Statement #2 refers to the poorly the company is run
A company can be operating in the black, even substantially profitable yet show a net loss due to other, non cash items, such as derivative liabilities.
These derivatives are paper entries on an income statement that do not reflect how well or poorly a company is run. It does not suggest the company SPENT $10m over 9 mos.
With regard to the following:
Derivative liability or not it's PCTL is a money losing venture that is struggling with expenses and isn't capable of managing the added expenses of an increase in business operations.

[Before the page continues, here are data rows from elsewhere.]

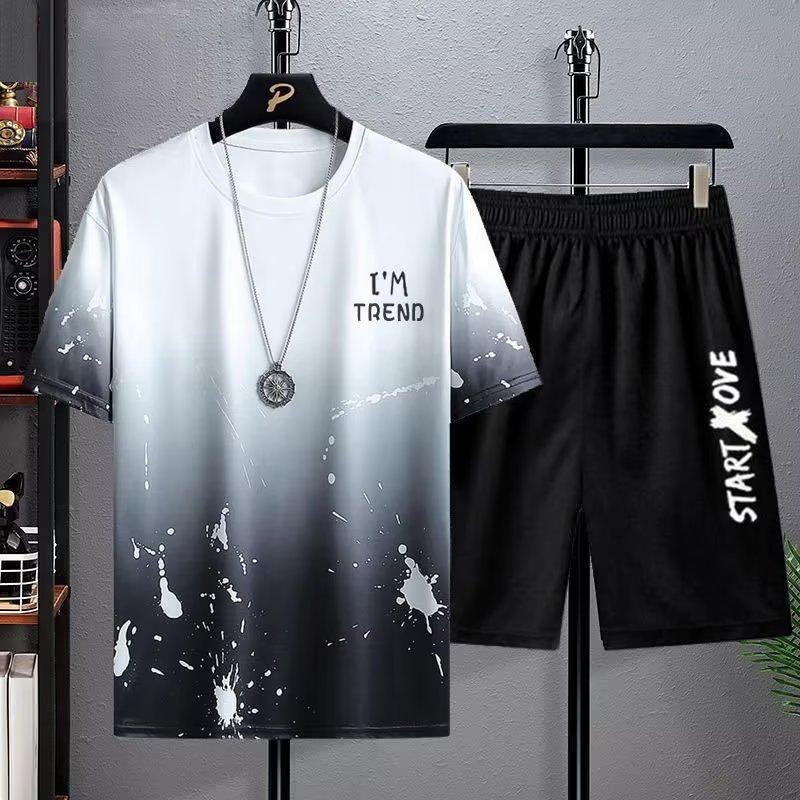 Summer Men's Sets Fashion Tracksuits Casual Breathable Short Sleeve Sports T Shirt Shorts Basketball Set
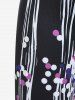 Plus Size Floral Print Polka Dot High Waist Capri Leggings -  
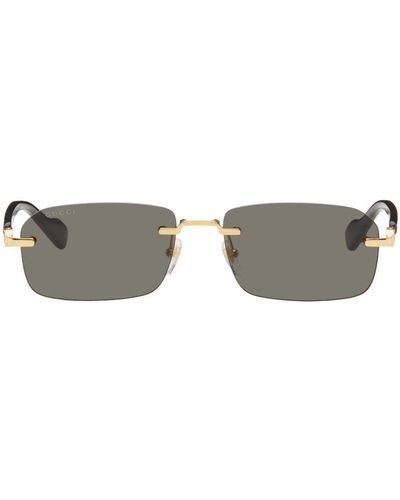 Gucci Black & Gold Rimless Sunglasses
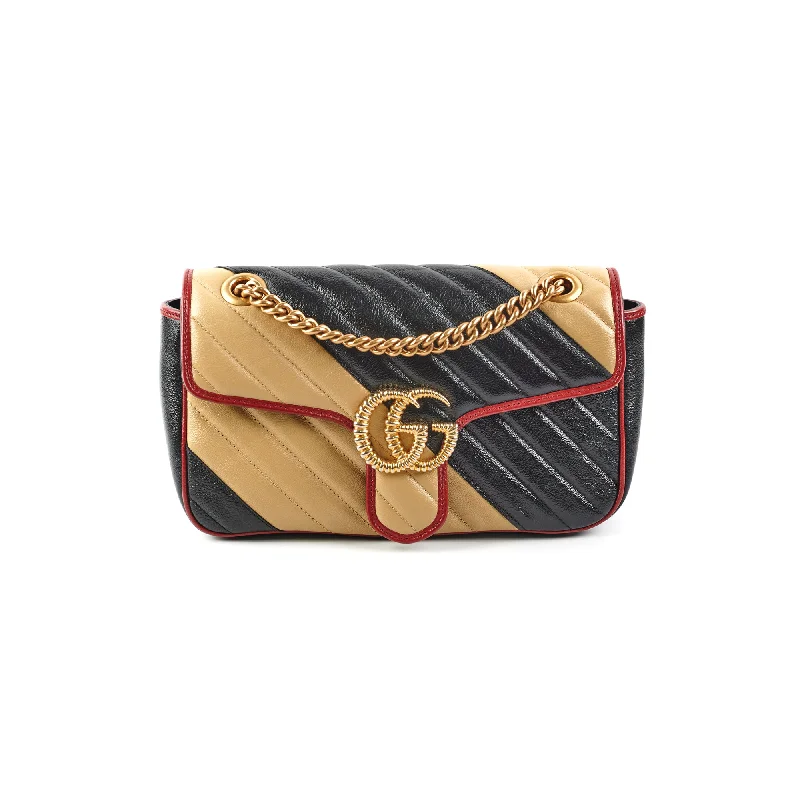 Gucci handbags for women with a patent - leather finishGucci Marmont Small Two Toned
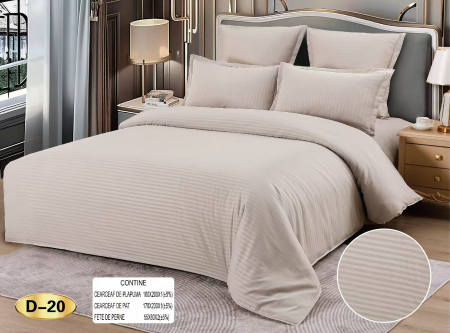 Lenjerii Bumbac Tip Damasc - 1 Persoana - Lenjerie De Pat Din Bumbac Tip Damasc 1 Persoana - Bej Elegant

PCT wasnt (past tense) struggling with expenses, more like struggling with revenue, which I guess is just as bad. Few can argue it wasny managed well based upon the Sept 2019 10Q. Regarding managing an increase in business, I cant agree. Their increase in business has been supplying users with fluids, which is a simple process, not very expensive at all. Also, the CEO claims the company has reached profitability in March 2020 with rev's growing exponentially. Their core business of hospital systems which generate recurring revenue will require capital to meet growing demand
To dismiss their ability to manage the recent good fortune is premature imo. Of course, using math we can determine 99% of pink sheet stocks are worthless crap, therefore the company is crap.
Not agreeing or disagreeing. Making the point derivatives can mislead investors. It's possible those derivatives add $10m in income on next report, based upon how the price of the stock moves. IT could show the company with a $7m profit all because of derivatives. I know it would be BS just like the $7m hit they took in Q3 2019.
Curious, had that been the case, would you have championed the company because it made $7m profit??